Soon after the wakeup of the RAK4260, the USART interface does not works properly, throwing garbage over the serial. The only way to overcome this issue is to apply a long delay of 2000 ms after the wakeup, then it works normally. But this fix is not ideal, since my device is battery powered, and every wasted millisecond counts.
Before sleep, I set all peripherals down, including USART, I2C, ADC, HAL_RADIO, RF SWITCH POWER (SKY133373 on PA28) and the TCX0 (on PB03). The sleep mode works fine, with just some few uA of consumption.
I wonder if there is some other peripheral missing initialization, or any other clock that must be always on, since I expected the wakeup to be much more fast.
We are using the RAK4260 module in our custom board. It contains some I2C and SPI peripherals, USART interface, and a NFC chip.
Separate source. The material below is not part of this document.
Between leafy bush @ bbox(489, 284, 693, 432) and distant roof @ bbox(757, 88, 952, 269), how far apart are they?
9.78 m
You can see the pins used on attached image.
The firmware was initialized based on RAK4260-LoRaNode-demo.
@beegee I think I found the problem here.
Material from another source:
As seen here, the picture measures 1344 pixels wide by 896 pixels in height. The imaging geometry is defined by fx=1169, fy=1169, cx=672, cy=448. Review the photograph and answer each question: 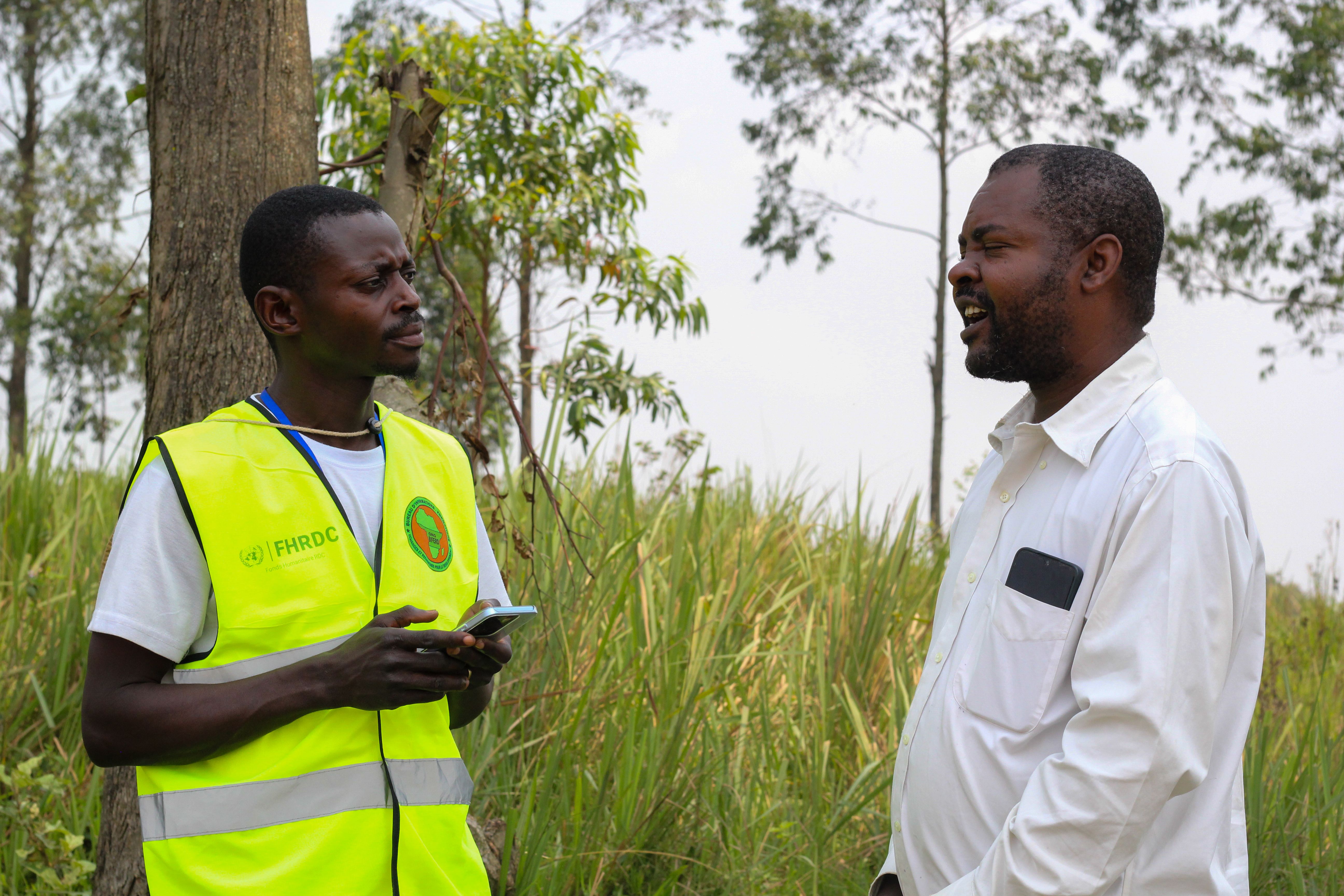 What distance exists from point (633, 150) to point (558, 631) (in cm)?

All the peripherals are using the main GCLK0 clock, generated by the DFLL.
The DFLL was feeded by the 32kHz clock generated from the XOSC32K oscillator.
But the XOSC32K was disabled during standby, so every wakeup it was necessary to wait for the STARTUP_TIME (65536 cycles, or 2 seconds).
Setting the CONF_CLOCK_XOSC32K_RUN_IN_STANDBY = true in “conf_clocks.h” solved the problem.